*Work instruction*: In the entries below, find the line with "Detached home in" and the line with "Processione religiosa serale". Reproduce those two lines and every line between them exactly, and nothing more.
***** Provided records *****
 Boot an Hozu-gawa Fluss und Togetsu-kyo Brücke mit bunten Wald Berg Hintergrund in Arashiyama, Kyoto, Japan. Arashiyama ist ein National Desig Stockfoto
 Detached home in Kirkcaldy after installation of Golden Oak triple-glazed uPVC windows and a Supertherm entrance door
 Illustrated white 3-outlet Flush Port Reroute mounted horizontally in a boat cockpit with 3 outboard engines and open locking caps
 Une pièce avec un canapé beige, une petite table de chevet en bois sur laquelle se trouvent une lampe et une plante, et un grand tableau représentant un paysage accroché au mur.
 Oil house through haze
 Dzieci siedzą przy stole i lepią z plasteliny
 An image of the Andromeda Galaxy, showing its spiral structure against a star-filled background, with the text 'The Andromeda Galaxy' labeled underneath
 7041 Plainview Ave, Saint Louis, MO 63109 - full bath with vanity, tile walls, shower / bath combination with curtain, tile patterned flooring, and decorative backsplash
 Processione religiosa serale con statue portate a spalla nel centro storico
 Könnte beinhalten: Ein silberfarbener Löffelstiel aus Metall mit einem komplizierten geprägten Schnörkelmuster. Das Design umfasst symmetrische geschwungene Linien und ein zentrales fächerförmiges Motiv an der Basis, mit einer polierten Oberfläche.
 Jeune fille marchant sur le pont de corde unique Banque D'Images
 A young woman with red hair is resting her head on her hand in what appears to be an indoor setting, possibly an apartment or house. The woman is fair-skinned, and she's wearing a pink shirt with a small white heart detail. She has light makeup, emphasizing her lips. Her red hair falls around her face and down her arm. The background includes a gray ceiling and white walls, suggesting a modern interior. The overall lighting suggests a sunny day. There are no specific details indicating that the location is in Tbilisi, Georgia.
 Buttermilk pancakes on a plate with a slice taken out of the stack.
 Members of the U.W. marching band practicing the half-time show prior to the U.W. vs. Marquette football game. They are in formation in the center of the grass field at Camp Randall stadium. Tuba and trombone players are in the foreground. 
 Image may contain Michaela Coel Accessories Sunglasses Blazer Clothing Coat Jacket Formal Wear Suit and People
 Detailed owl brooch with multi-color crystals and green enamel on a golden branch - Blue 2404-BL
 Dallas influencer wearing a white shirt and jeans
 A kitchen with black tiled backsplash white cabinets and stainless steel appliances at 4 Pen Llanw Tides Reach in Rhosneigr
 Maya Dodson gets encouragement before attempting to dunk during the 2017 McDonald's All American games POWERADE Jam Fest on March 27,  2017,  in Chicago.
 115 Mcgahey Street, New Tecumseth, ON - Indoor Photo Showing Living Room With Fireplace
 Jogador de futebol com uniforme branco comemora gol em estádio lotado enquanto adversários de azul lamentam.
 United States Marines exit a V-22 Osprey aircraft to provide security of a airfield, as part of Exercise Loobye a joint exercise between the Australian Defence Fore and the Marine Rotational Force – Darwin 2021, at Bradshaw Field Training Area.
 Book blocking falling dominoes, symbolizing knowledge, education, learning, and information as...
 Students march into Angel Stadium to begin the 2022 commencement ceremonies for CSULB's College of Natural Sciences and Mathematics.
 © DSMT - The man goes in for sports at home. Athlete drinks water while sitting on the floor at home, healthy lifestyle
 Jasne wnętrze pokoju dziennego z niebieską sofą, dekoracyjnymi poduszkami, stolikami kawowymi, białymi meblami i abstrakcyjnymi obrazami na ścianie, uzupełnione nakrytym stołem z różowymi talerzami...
*****
*The completed task*:
 Detached home in Kirkcaldy after installation of Golden Oak triple-glazed uPVC windows and a Supertherm entrance door
 Illustrated white 3-outlet Flush Port Reroute mounted horizontally in a boat cockpit with 3 outboard engines and open locking caps
 Une pièce avec un canapé beige, une petite table de chevet en bois sur laquelle se trouvent une lampe et une plante, et un grand tableau représentant un paysage accroché au mur.
 Oil house through haze
 Dzieci siedzą przy stole i lepią z plasteliny
 An image of the Andromeda Galaxy, showing its spiral structure against a star-filled background, with the text 'The Andromeda Galaxy' labeled underneath
 7041 Plainview Ave, Saint Louis, MO 63109 - full bath with vanity, tile walls, shower / bath combination with curtain, tile patterned flooring, and decorative backsplash
 Processione religiosa serale con statue portate a spalla nel centro storico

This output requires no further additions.